Voor welke uitdagingen staat de thuiszorg?
‘De thuiszorgsector zal dé spil vormen in de veranderingen die nodig zijn om de Nederlandse zorg toekomstbestendig te maken. Als je namelijk wil dat ouderen de mogelijkheid krijgen om langer zelfstandig thuis te wonen, of dat cliënten sneller vanuit het ziekenhuis terugkeren naar huis, dan heb je een sterke thuiszorg nodig. Onze oproep aan Den Haag is dan ook: maak met extra investeringen en de juiste beleidskeuzes de thuiszorg sterker.
Dat is ook hard nodig. De vanzelfsprekendheid dat de thuiszorgsector de toenemende en complexere zorg opvangt, komt namelijk steeds meer in het gedrang. Steeds vaker moeten zorgorganisaties ‘nee’ zeggen tegen cliënten door een gebrek aan zorgprofessionals. Alleen bij gericht beleid van het nieuwe kabinet met een focus op positieve gezondheid, aandacht voor preventie en domeinoverstijgende samenwerking kan de thuiszorg voor een volgende generatie ook vanzelfsprekend zijn. Op die manier voorkomen we zwaardere zorg en worden de totale zorgkosten (over de hele keten) heen goedkoper.’
In het paper vraagt ActiZ om de loonkloof te dichten: leg eens uit?
‘Op dit moment blijven de lonen in thuiszorg 6 tot 9 procent achter op vergelijkbare beroepen in de publieke sector en het bedrijfsleven. Als we in deze krappe arbeidsmarkt onze medewerkers willen behouden - en überhaupt jonge mensen willen aantrekken voor een carrière in bijvoorbeeld de wijkverpleging dan moet deze loonkloof gelijk worden getrokken.
De ActiZ oproep om structureel 1 miljard euro te investeren in zorgsalarissen lijkt een dure maatregel. Maar juist met marktconforme salarissen voorkom je een uittocht in de thuiszorg. Daarnaast verminder je de arbeidstekorten die anders cliënten dwingen een beroep te doen op duurdere zorg, zoals ziekenhuiszorg of verpleeghuiszorg.’
Welk onderwerp moet nog meer ter sprake komen tijdens het komende debat?
‘Samenwerking in de thuiszorg moet lonend worden. Zorgaanbieders in de wijkverpleging zijn de afgelopen jaren gestimuleerd om door onderlinge concurrentie zo efficiënt mogelijk zorg te verlenen. Dit is inmiddels volkomen doorgeslagen. Hierdoor is de werkdruk onhoudbaar geworden. Het wordt tijd dat zorgmedewerkers de kans krijgen om slimmer (samen) te werken in plaats van nog harder.
Dit doe je door wijkverpleegkundigen en andere medewerkers in de thuiszorg extra ruimte te geven tot samenwerking.
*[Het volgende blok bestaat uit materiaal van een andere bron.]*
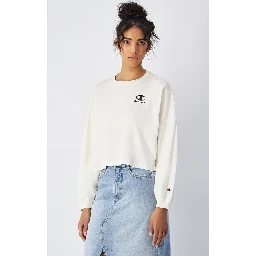 Natural Cotton Long Sleeve T-Shirt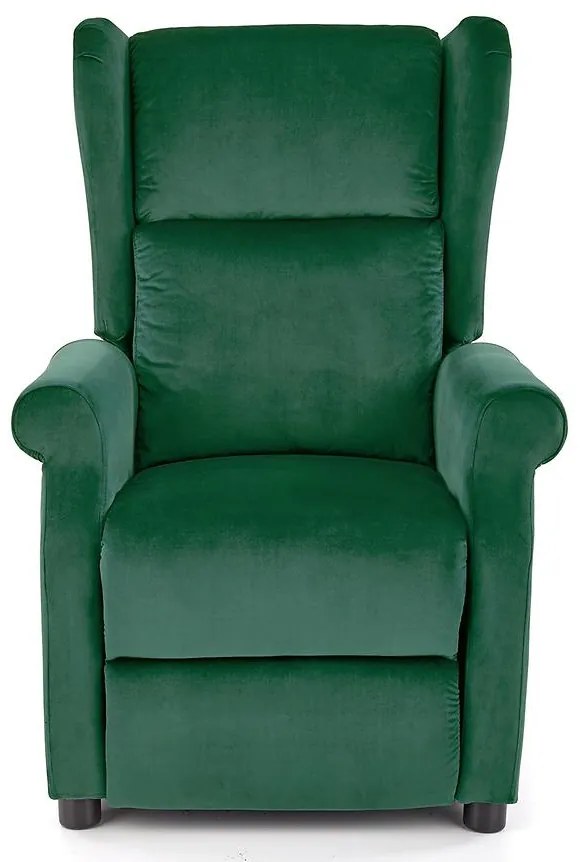 Kreslo Agustin 2 zelená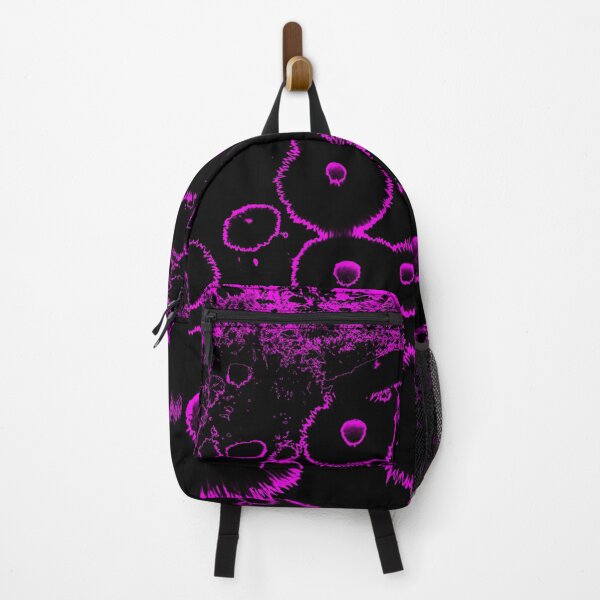 Item preview, Glowing Purple Mauve Abstract Dandelions designed and sold by asurtiumgreen.
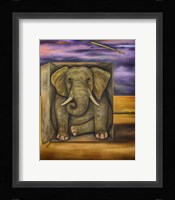 Last Elephant Fine Art Print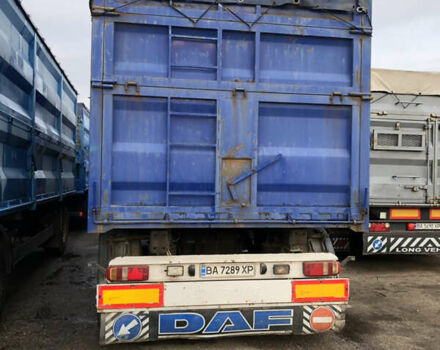 Белый Даф XF 105, объемом двигателя 0 л и пробегом 987 тыс. км за 28000 $, фото 6 на Automoto.ua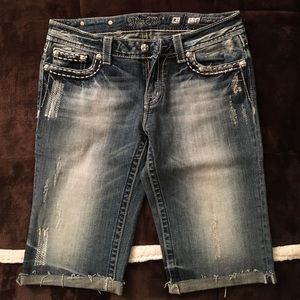 Miss me capri jeans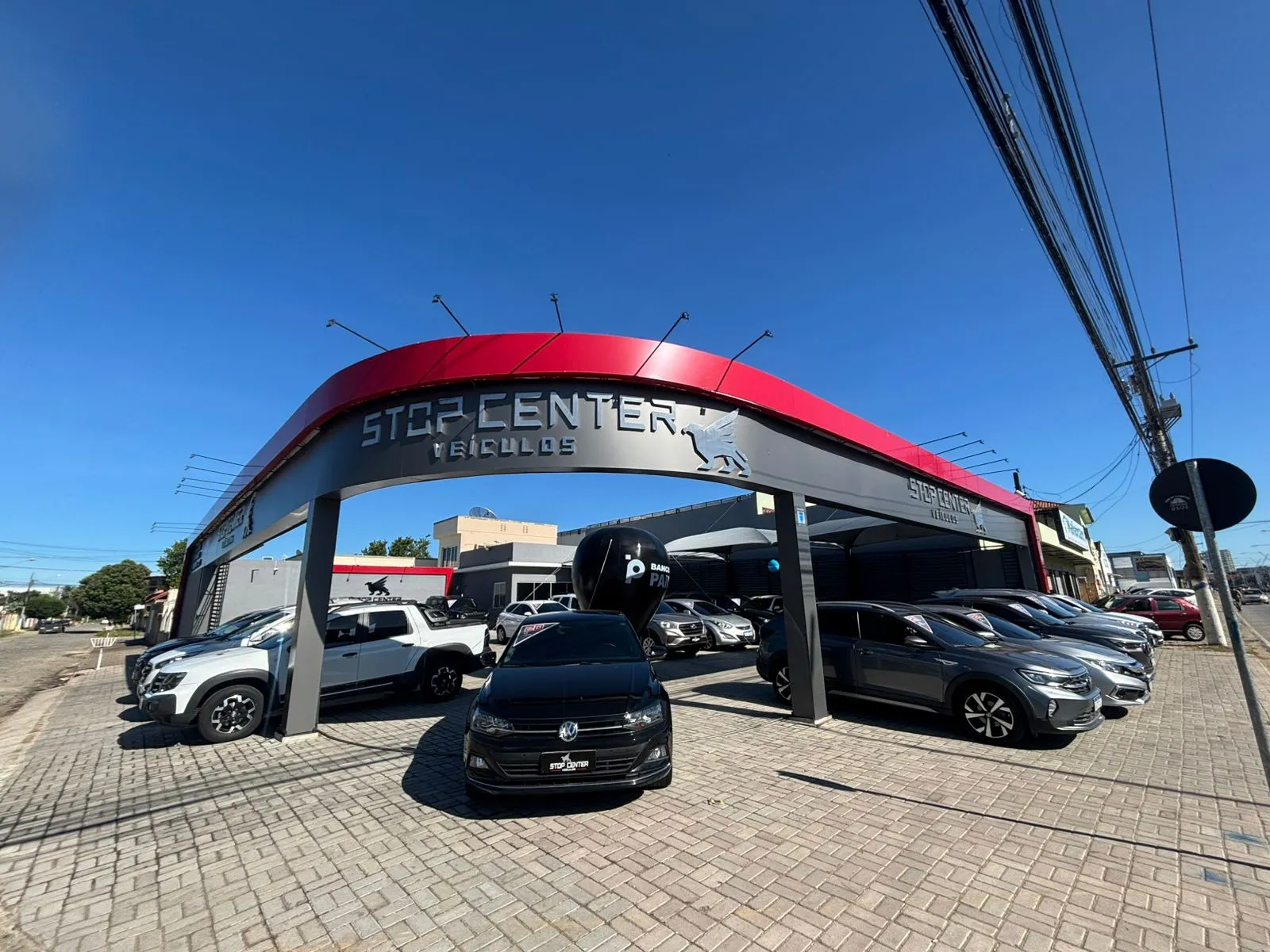 Fachada da loja Stop Center Veículos  - Campos dos Goytacazes - RJ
Concreet voorbeeld: thuiszorgorganisaties kunnen onderling én met huisartsen en medewerkers uit sociaal domein kijken hoe de zorg het beste wordt vormgegeven. Deze zaken worden nu als zogenaamde onnodige ‘indirecte zorguren’ gezien en daarom niet betaald. Hetzelfde geldt voor zorg dat we leveren op onplanbare momenten in de avond/nacht en weekenduren. Een gemiste kans, de politiek moet juist met beleid komen om organisaties te belonen voor hun samenwerking en multidisciplinair overleg.’
De minister wil graag administratieve lasten aanpakken, waar moet ze beginnen?
‘Het is goed dat minister op dit onderwerp actie wil ondernemen om zo het beroep ook aantrekkelijker te maken. Uit recent onderzoek blijkt dat het reduceren van administratieve lasten 42 miljoen uren oplevert. In het paper doen we als ActiZ een aantal suggesties. Van onze leden horen we dat zij veel last hebben van de hoeveelheid en diversiteit aan inkoopvoorwaarden van de verschillende zorgverzekeraars. Om bijvoorbeeld te voldoen aan de inkoopeisen moet een zorgorganisatie in de wijkverpleging aan méér dan 100 contractvereisten voldoen en monitoren. Dat is per zorgvorm. De enorme administratieve last die dit met zich meebrengt, moet een prioriteit van de minister zijn.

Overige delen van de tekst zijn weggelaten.